The margin is the difference between the mid-market rate and the rate the provider offers you. It can be embedded in the offered rate itself (so it looks like no fee is charged but the rate is worse than mid-market), charged as a separate flat fee or percentage, or both simultaneously. To find the total cost, calculate the margin percentage on the rate and add any flat fee charged on the transfer.
The AED is pegged to the USD at a fixed rate of AED 3.6725 per dollar, which has held since 1997. This means AED and USD move together. However, the AED is only pegged to the USD. The Indian rupee, Pakistani rupee, Philippine peso and all other currencies float against the dollar. When the rupee weakens against the dollar, it weakens against the dirham too, because AED and USD are locked together. The peg removes one layer of volatility (AED/USD is fixed) but all other pairs involving AED continue to move based on their relationship with the dollar.
The CBUAE publishes official exchange rates daily on its website at centralbank.ae. These are reference rates derived from the interbank market, not retail rates. They represent the official valuation of the AED against a basket of currencies as of the publication date. They are useful as a daily benchmark but will not match what any exchange house or app offers, since those providers build in a margin above the reference rate.
Step 1: search Google for the current mid-market rate (e.g. "1 AED to INR"). Step 2: note the rate the provider is quoting. Step 3: calculate the margin as a percentage: ((mid-market rate minus offered rate) divided by mid-market rate) multiplied by 100. Step 4: add any flat fee to determine total cost. A margin below 1% is tight; 1-3% is typical for competitive providers; above 4-5% is expensive. Apply this to every provider before sending.

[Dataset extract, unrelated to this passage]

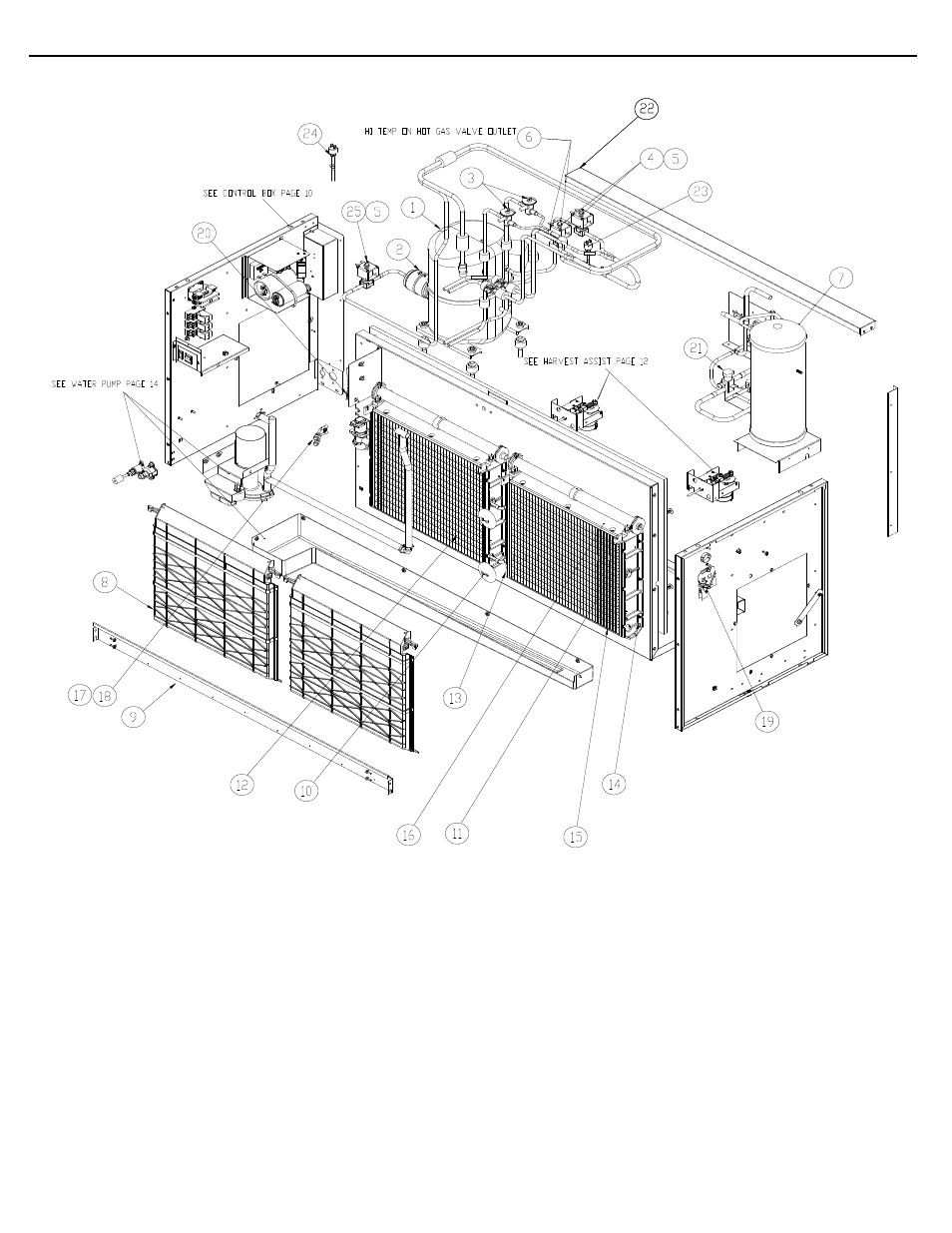 Sheet1 | Ice-O-Matic ICE 1407 User Manual | Page 10 / 19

The exchange house buys foreign currency from the interbank market near the mid-market rate and sells it to retail customers at a less favourable rate. The difference is their margin. For popular corridors like AED to INR, margins at UAE exchange houses typically range from around 0.5% to 3% depending on the provider and channel. Apps that specialise in remittance often quote tighter margins than traditional exchange houses, particularly for larger transfer amounts.